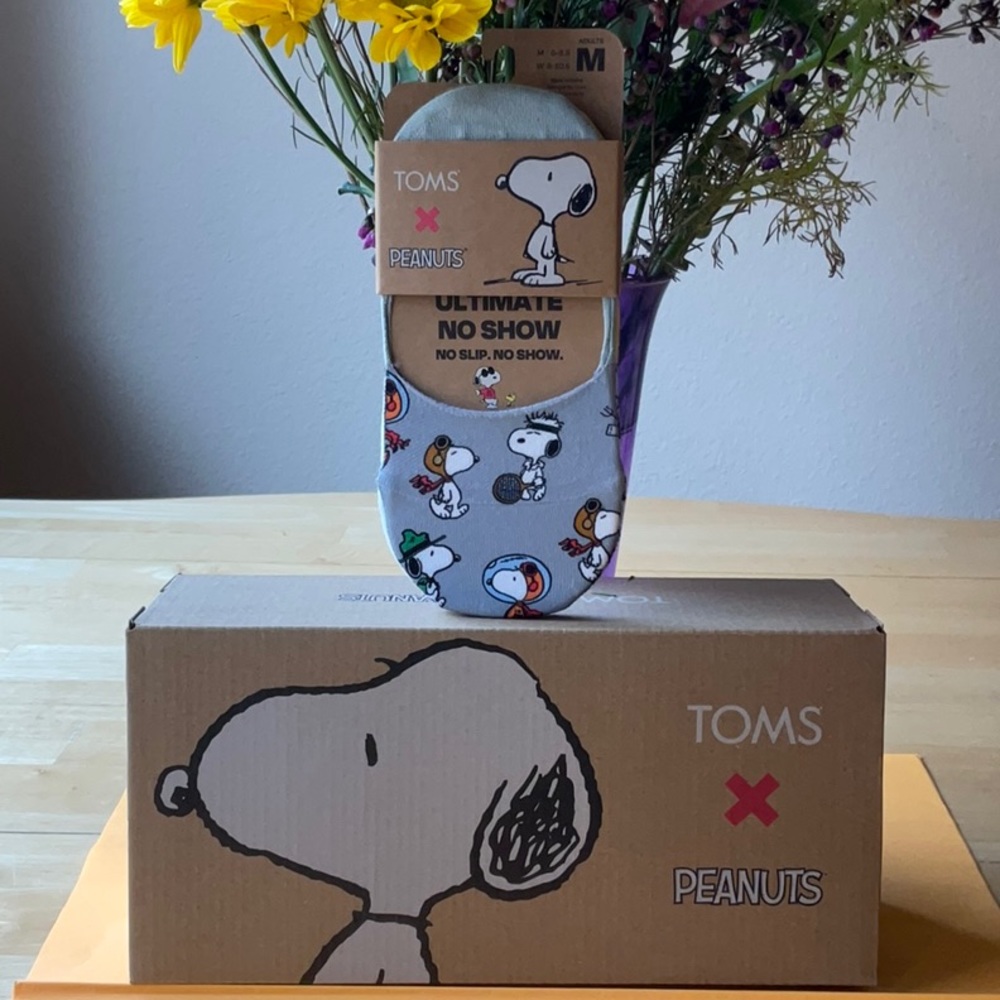🐾 TOMS X PEANUTS ALPARGATA SHOE BUNDLE 🐾 NWT 🐾 - Picture 14 of 15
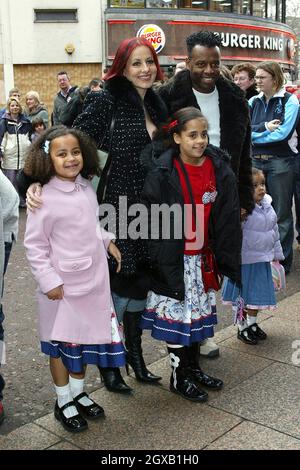 David und Carrie Grant mit ihren Kindern bei der Filmpremiere „Spnge Bob Squarepants“ in London. Stockfoto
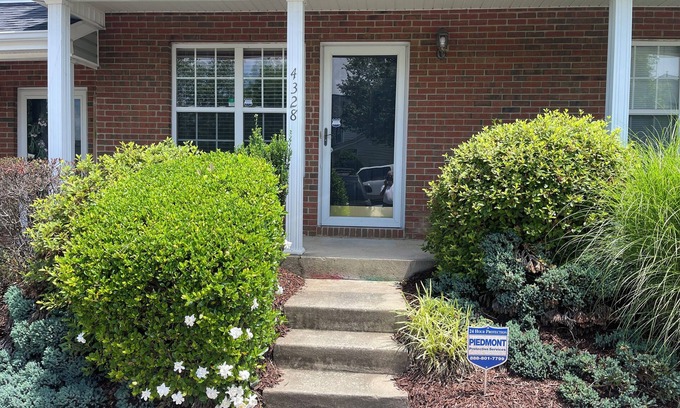 Greensboro Casa | Charming 2-bedroom townhome with AC, WiFi in lovely Greensboro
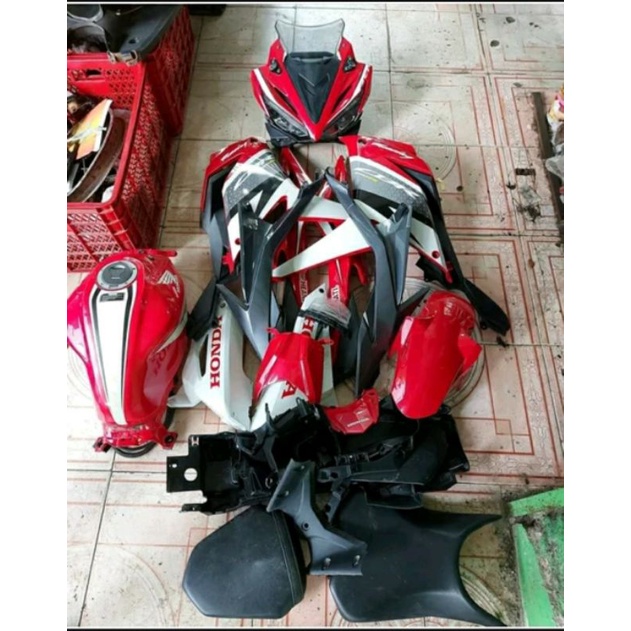 BODY FULLSET FAIRING TANGKI BATOK SPEEDOMETER NEW CBR 150R FACELIFT ORIGINAL COPOTAN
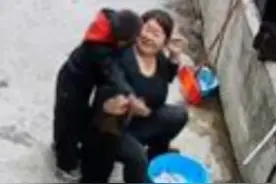 3月11日#贵州遵义  父母离异的侄儿发烧，几声伯娘喊得人心碎... 伯娘：没有爹妈管的孩子太难了！我会尽我所能疼侄儿，即使非我生非我姓~ #单亲家庭  #暖新闻视频封面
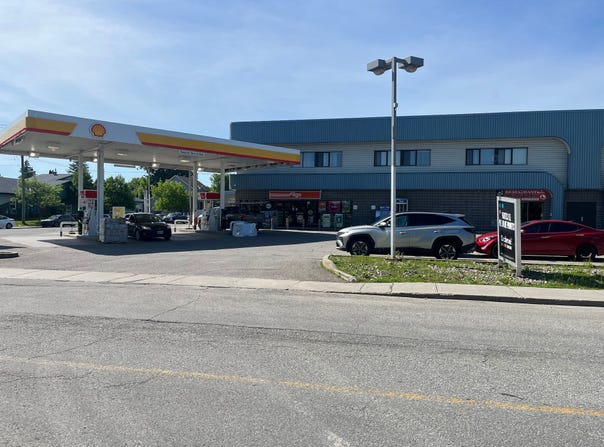 9 Rue Thérien, Gatineau (Hull), Quebec J8Y 1H7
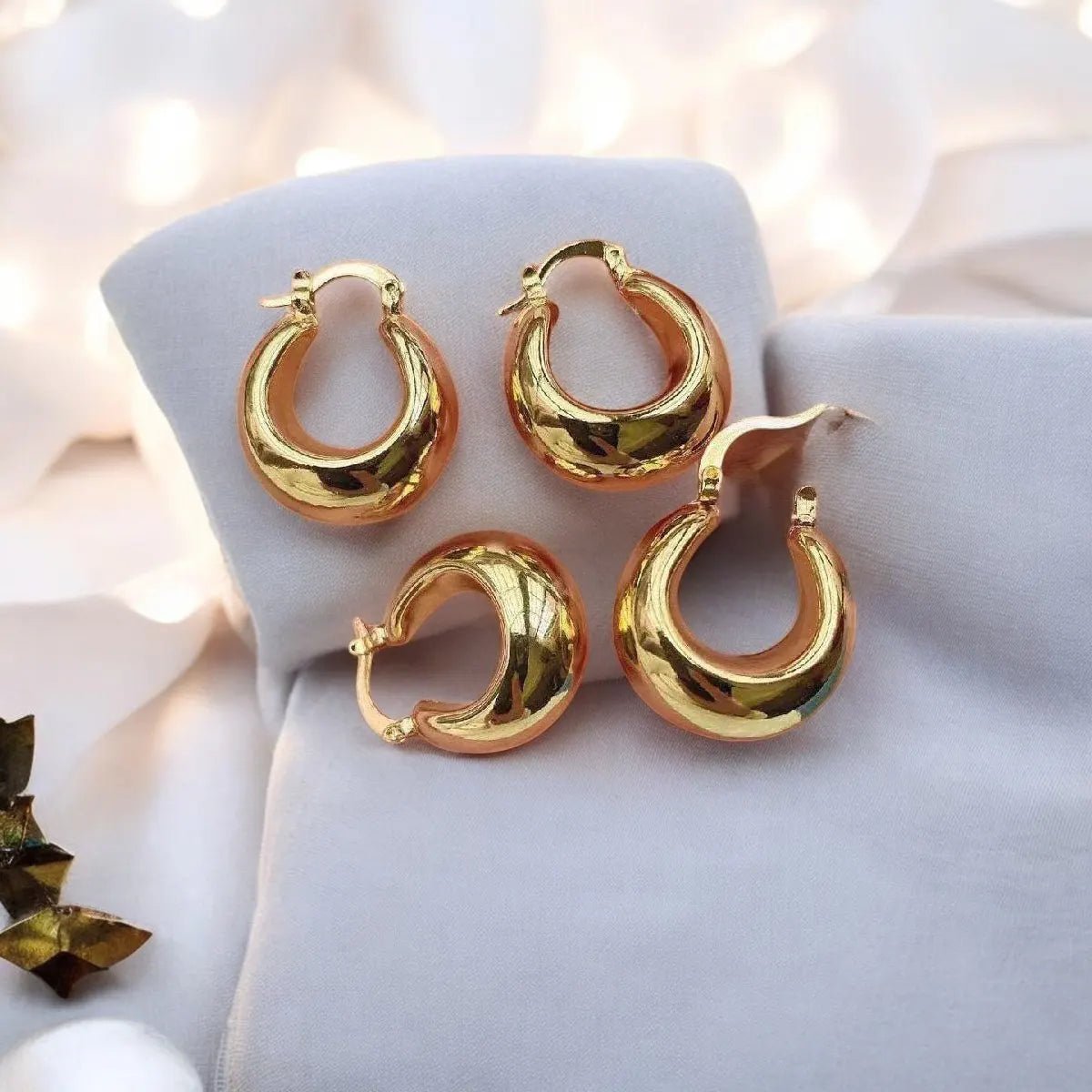 Classic Crescent Hoop Earring for Women – 18K Gold Plated Copper Round Hoops - Earrings - Cadeau Craft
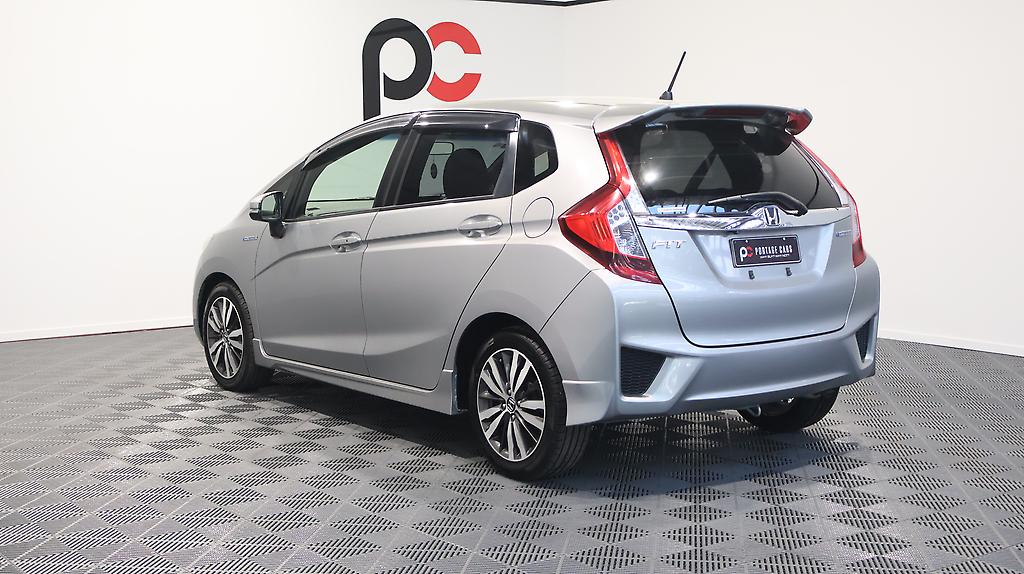 2014 Honda Fit Hybrid S-Package image 306946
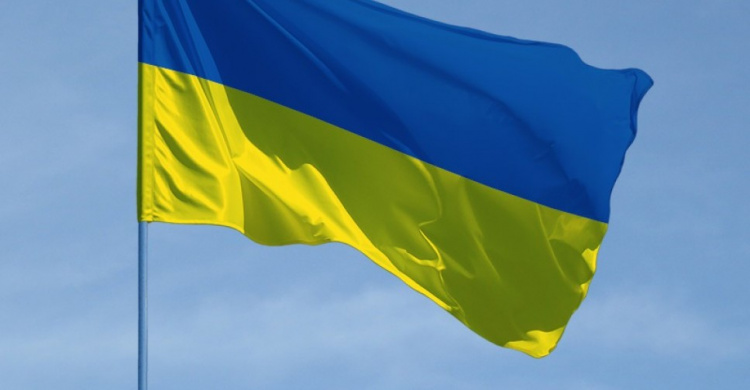 В Кривом Роге мужчина и женщина сорвали Государственный Флаг Украины и надругались над ним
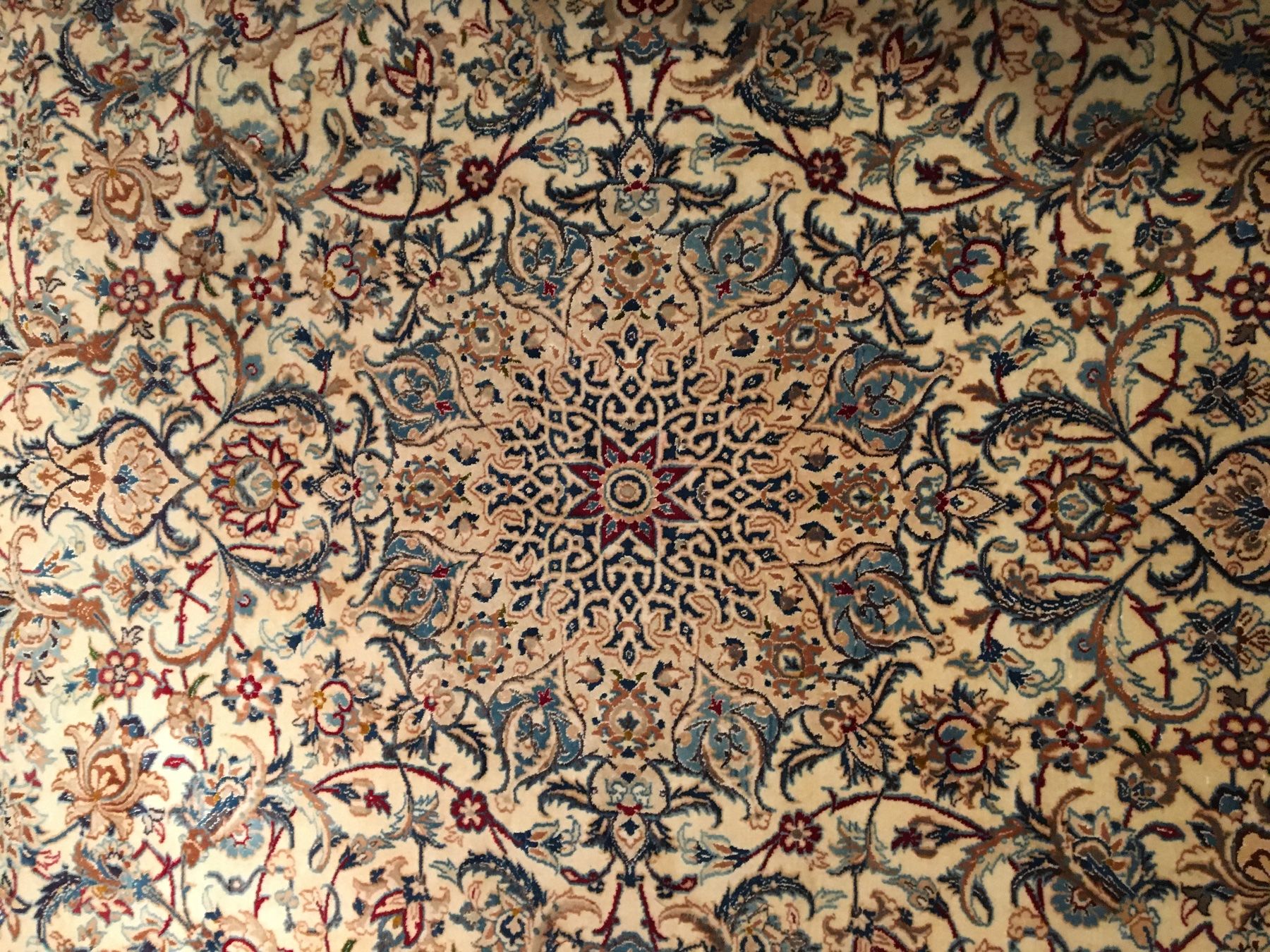 Teppiche: Beau tapis d'orient – Gebraucht aus Vufflens-le-Château von vcourvoisier 1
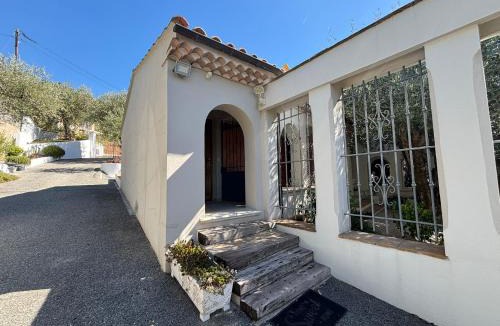 Saint-Martin-du-Var Apartment | Escapade entre Mer et Montagnes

______________________________

◆ EXERCISE REQUIREMENTS ◆
Each line from the one that contains "BODY FULLSET FAIRING" through the end of the records should be restated exactly; include both end lines and leave any pictures out.

◆ RESULT OF THE TASK ◆
 BODY FULLSET FAIRING TANGKI BATOK SPEEDOMETER NEW CBR 150R FACELIFT ORIGINAL COPOTAN
 3月11日#贵州遵义  父母离异的侄儿发烧，几声伯娘喊得人心碎... 伯娘：没有爹妈管的孩子太难了！我会尽我所能疼侄儿，即使非我生非我姓~ #单亲家庭  #暖新闻视频封面
 9 Rue Thérien, Gatineau (Hull), Quebec J8Y 1H7
 Classic Crescent Hoop Earring for Women – 18K Gold Plated Copper Round Hoops - Earrings - Cadeau Craft
 2014 Honda Fit Hybrid S-Package image 306946
 В Кривом Роге мужчина и женщина сорвали Государственный Флаг Украины и надругались над ним
 Teppiche: Beau tapis d'orient – Gebraucht aus Vufflens-le-Château von vcourvoisier 1
 Saint-Martin-du-Var Apartment | Escapade entre Mer et Montagnes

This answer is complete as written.